Towards Extended Machine Translation Model for Next Generation World Wide Web Gulisong Nasierding, Yang Xiang, and Honghua Dai School of Information Technology, Deakin University Melbourne Campus, Burwood 3125, Australia {gn,yxi,hdai}@deakin.edu.au

Abstract. In this paper, we proposed a Data Translation model which potentially is a major promising web service of the next generation world wide web. This technique is somehow analogy to the technique of traditional machine translation but it is far beyond what we understand about machine translation in the past and nowadays in terms of the scope and the contents. To illustrate the new concept of web services based data translation, a multilingual machine translation electronic dictionary system and its web services based model including generic services, multilingual translation services are presented. This proposed data translation model aims at achieving better web services in easiness, convenience, efficiency, and higher accuracy, scalability, self-learning, self-adapting.

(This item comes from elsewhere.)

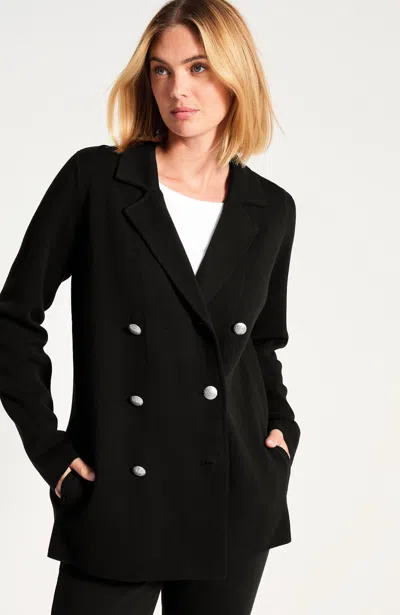 Jjill Petite Wearever Double-breasted Sweater Blazer In Black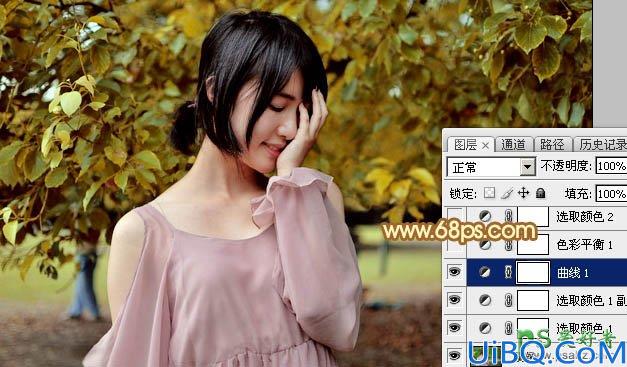 Photoshop美女图片调色教程：给唯美的青春少女外景照调出晨曦阳光色彩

1 Introduction With the strong increasing of data complexity both computationally and descriptively, a creative technique which can greatly simplify the process, storage, transmission and communication of data becomes essential and in great demanding. The World Wide Web is increasingly used for application to application communication. The programmatic interfaces made available are referred to as Web services. An increasing number of software systems extend their capability to encompass web services technology. Web services provide a platform to develop automatic application systems based on cross-organizational and heterogeneous software components. This characteristic of web-services is intrinsically similar with Machine Translation (MT) and Data Translation technology. Machine translation refers to the use of computer systems to translate texts among various languages and help human translators on their translation work. Machine Translation has been researched for decades. However, today’s MT system is still facing challenges to provide reliable, high-accuracy and generic portal translations. Laurie [1] stated in her article that majority people in worldwide area couldn’t satisfy simply translating web site. Since customers need to communicate with each other by using different language channels or exchange ideas through preferred type of data. As a result, web services based data translation has become important and necessary as we proposed in this paper.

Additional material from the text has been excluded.